Entenda que a visão de muitos membros da comunidade de privacidade – os cypherpunks, Satoshi e outros pioneiros – era explicitamente a favor de um sistema peer-to-peer sem permissão para transferências de dinheiro. Alguns tiveram visões de um substituto para a moeda “fiduciária”.
Timothy C May
David Chaum, um dos principais pioneiros, foi muito inovador nas questões do “anonimato do comprador”. Onde, por exemplo, uma loja de departamentos poderia receber pagamentos de mercadorias sem conhecer a identidade do comprador. (O que certamente não é o caso hoje, onde lojas como Walmart e Costco compilaram registros detalhados do que os clientes compram. E onde os investigadores policiais podem comprar os registros ou acessá-los para que apareçam citações. E é ainda pior em certos países).
Lembre-se de que há muitos motivos pelos quais um comprador pode não querer divulgar suas preferências de compra. Mas tanto os compradores como os vendedores precisam de protecção contra o rastreio: um vendedor de informações sobre controlo de natalidade corre provavelmente ainda mais riscos do que um mero comprador de tais informações (em muitos países). Depois, há blasfêmia, sacrilégio e Ativismo político.
Abordagens como DigiCash que se concentrou no anonimato Comprador (como acontece com os compradores em uma loja ou com os motoristas em uma estrada com pedágio), mas faltava um ingrediente-chave: que a maioria das pessoas é perseguida por seu discurso ou política sobre o *vendedor*.
Felizmente, compradores e vendedores são essencialmente isomórficos, com apenas algumas mudanças nas direções das setas (“objetos de primeira classe”).
O que Satoshi essencialmente fez foi resolver a tensão na capacidade de rastreamento “comprador”/”vendedor”, fornecendo tanto o comprador quanto o vendedor indetectáveis.
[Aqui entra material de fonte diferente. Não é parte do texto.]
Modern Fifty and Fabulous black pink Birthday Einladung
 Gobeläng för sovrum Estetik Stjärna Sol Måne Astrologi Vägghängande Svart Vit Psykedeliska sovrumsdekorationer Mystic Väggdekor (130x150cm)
Não perfeitamente, ao que parece. É por isso que tanta atividade continua.
CoinDesk: Então você está dizendo que os inovadores de bitcoin e criptografia precisam lutar contra os poderes constituídos, essencialmente, e não se alinhar com eles para alcançar uma inovação real?
Tim: Sim, não faz muito sentido para muitos de nós se as criptomoedas se tornarem apenas mais um PayPal, apenas mais um sistema de transferência bancária. O que é excitante é o facto de contornarmos as autoridades, os cobradores de taxas exorbitantes, os intermediários que decidem se o Wikileaks – para escolher um exemplo conveniente – pode fazer passar os donativos. E para permitir que as pessoas enviem dinheiro para o exterior.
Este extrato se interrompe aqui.